● **Instructions to follow**
Nothing but an exact copy is asked for: the lines in the material below from the one with "three purple chairs" through the one with "Коричневый Рено Сандеро, объемом", pictures excluded.

● **Material for the task**
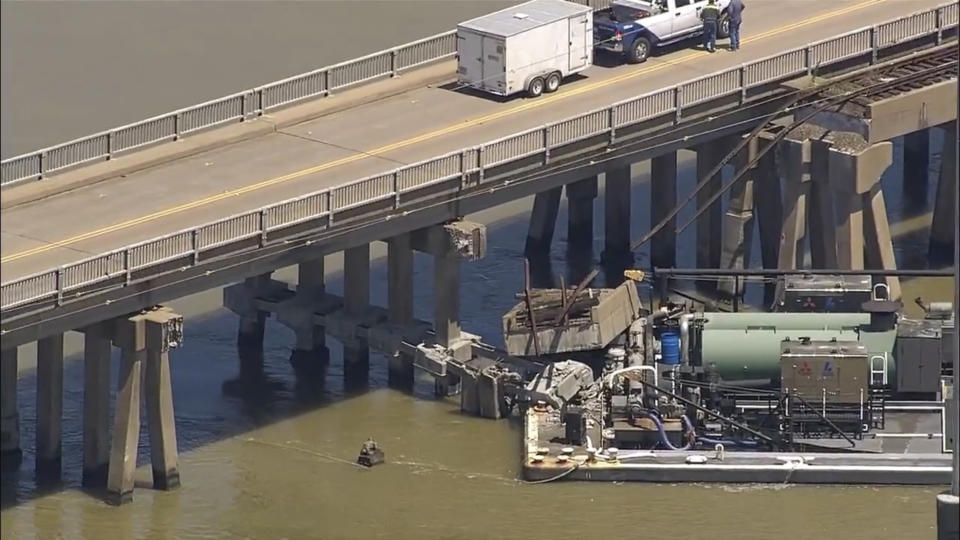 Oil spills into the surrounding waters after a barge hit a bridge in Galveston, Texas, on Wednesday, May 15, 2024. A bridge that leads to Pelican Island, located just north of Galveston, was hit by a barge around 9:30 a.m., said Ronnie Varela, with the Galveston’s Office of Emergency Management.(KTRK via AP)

---

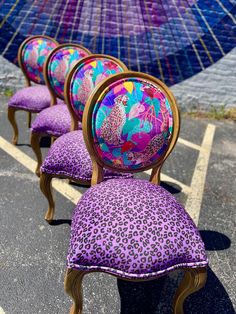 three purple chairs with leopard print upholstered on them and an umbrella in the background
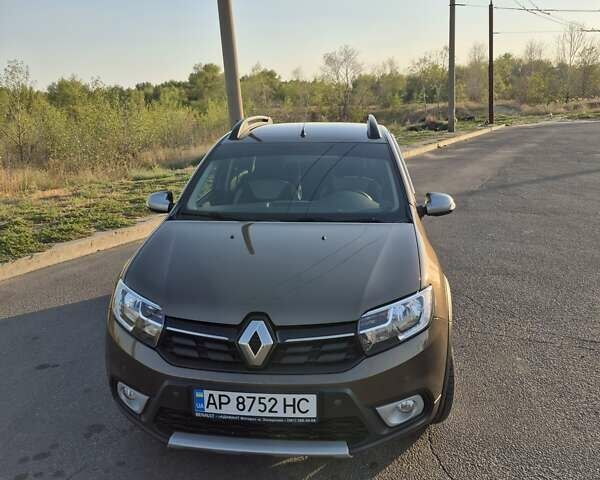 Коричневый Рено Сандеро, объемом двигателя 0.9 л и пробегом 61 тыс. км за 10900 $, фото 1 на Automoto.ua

● **Output for this task**
 three purple chairs with leopard print upholstered on them and an umbrella in the background
 Коричневый Рено Сандеро, объемом двигателя 0.9 л и пробегом 61 тыс. км за 10900 $, фото 1 на Automoto.ua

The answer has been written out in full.